▶ _Information shown_:
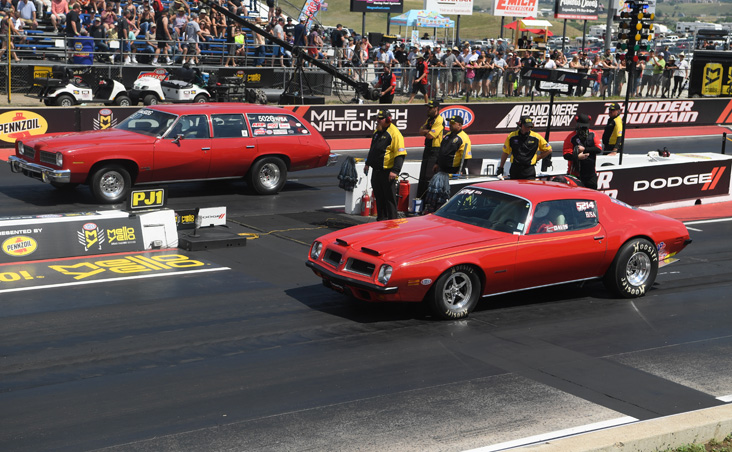 2022 2019 Pontiac Christmas Tournament Winner Jenkins, Riley lead winner's list at Dodge MileHigh NHRA Nationals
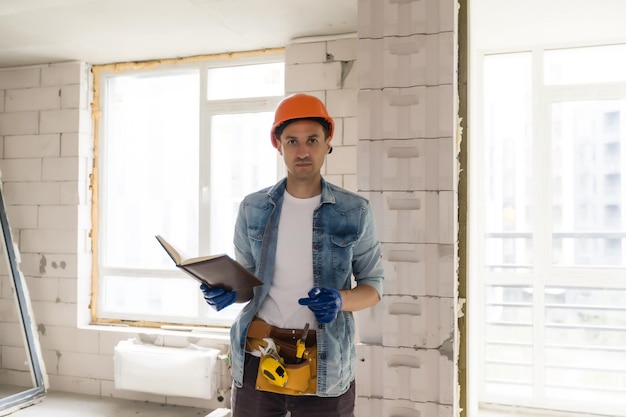 Klusjesman met een gereedschapsriem. Huis renovatie dienst.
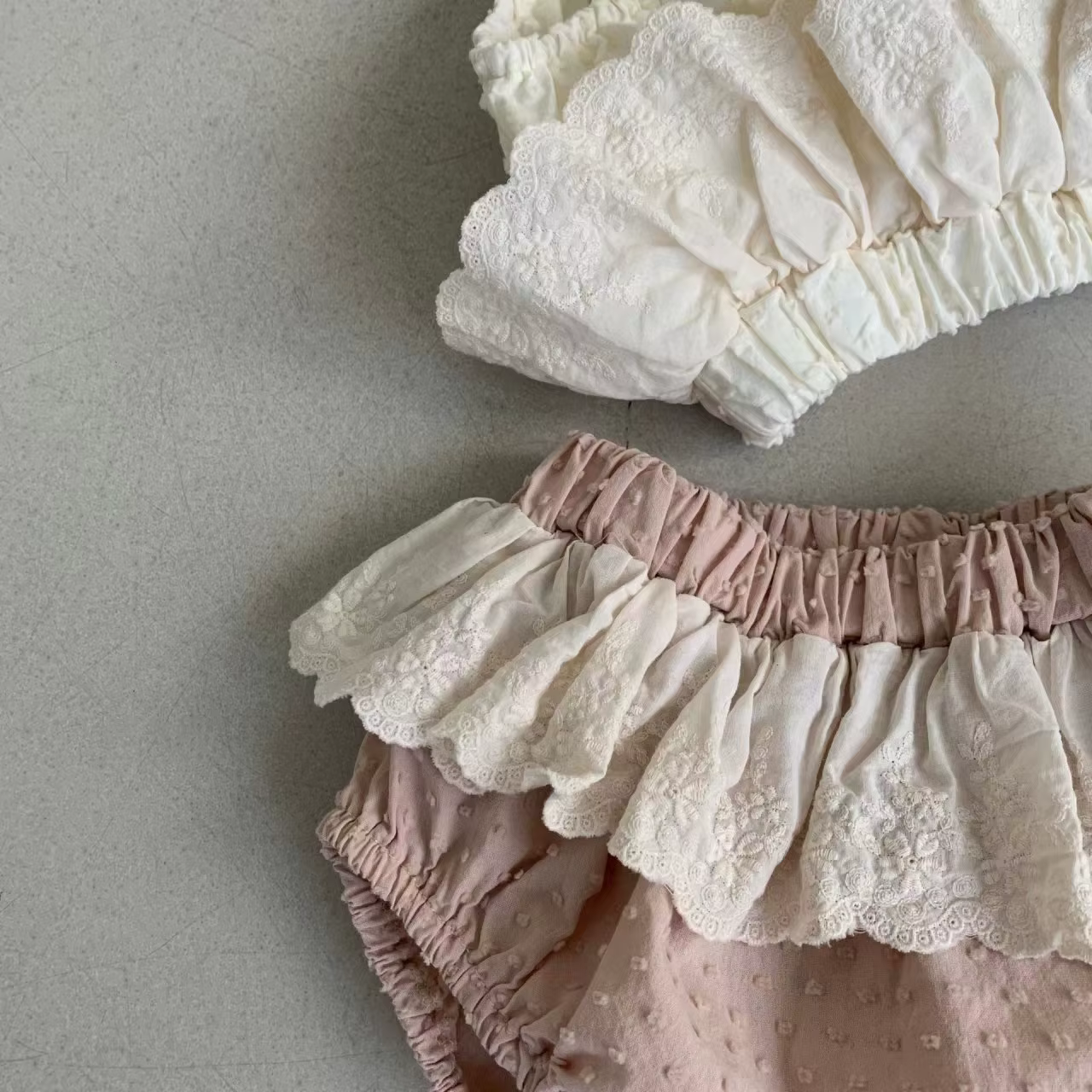 Pantalones cortos de niña con encaje y bordado estilo princesa - imagen 2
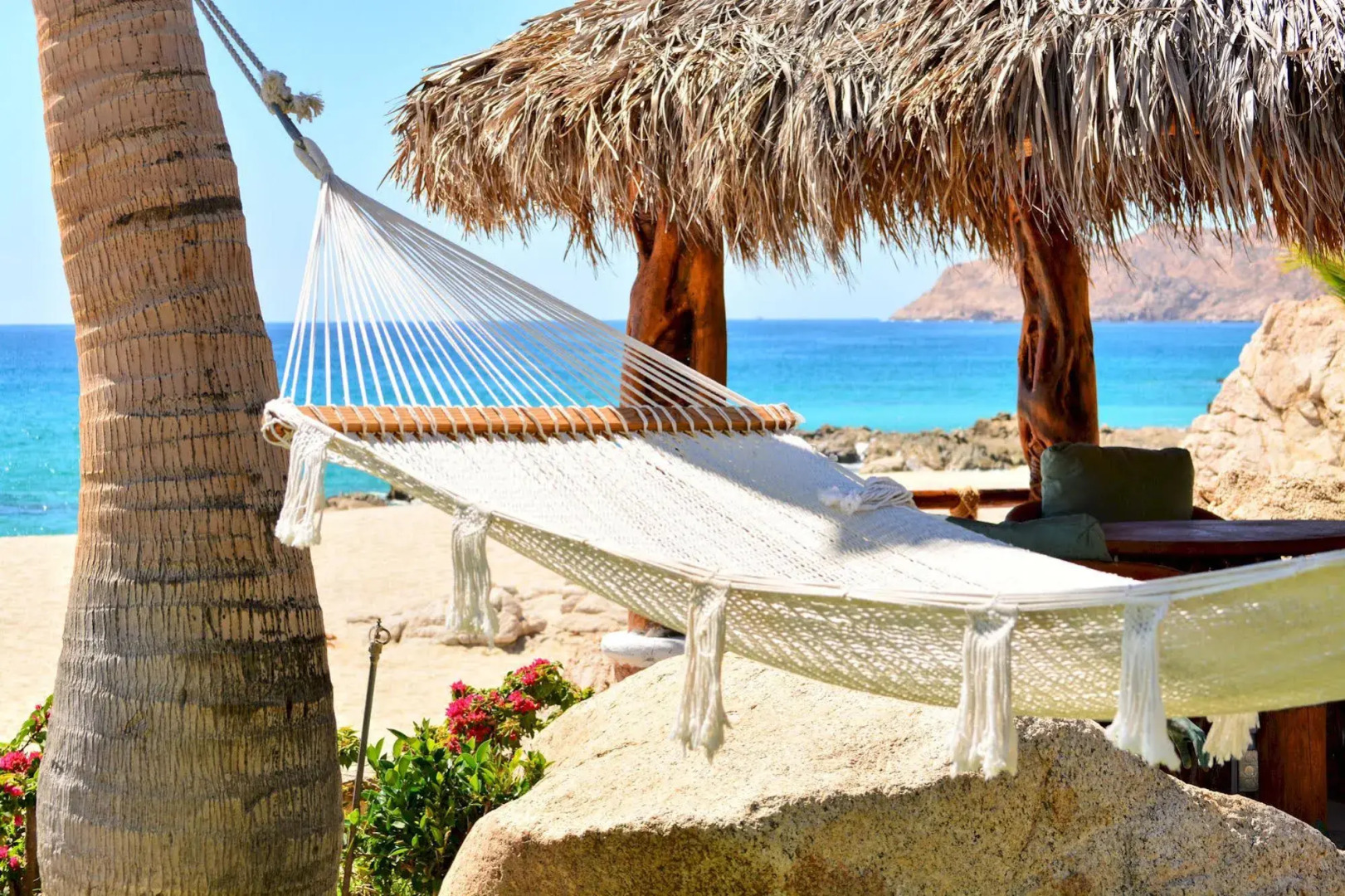 Las Mañanitas by Casago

▶ _Task requirements_: Using the listing above, copy exactly the lines from the one that contains "Klusjesman met een" through its last line, both included, but not the pictures.

▶ _Solution to this task_:
 Klusjesman met een gereedschapsriem. Huis renovatie dienst.
 Pantalones cortos de niña con encaje y bordado estilo princesa - imagen 2
 Las Mañanitas by Casago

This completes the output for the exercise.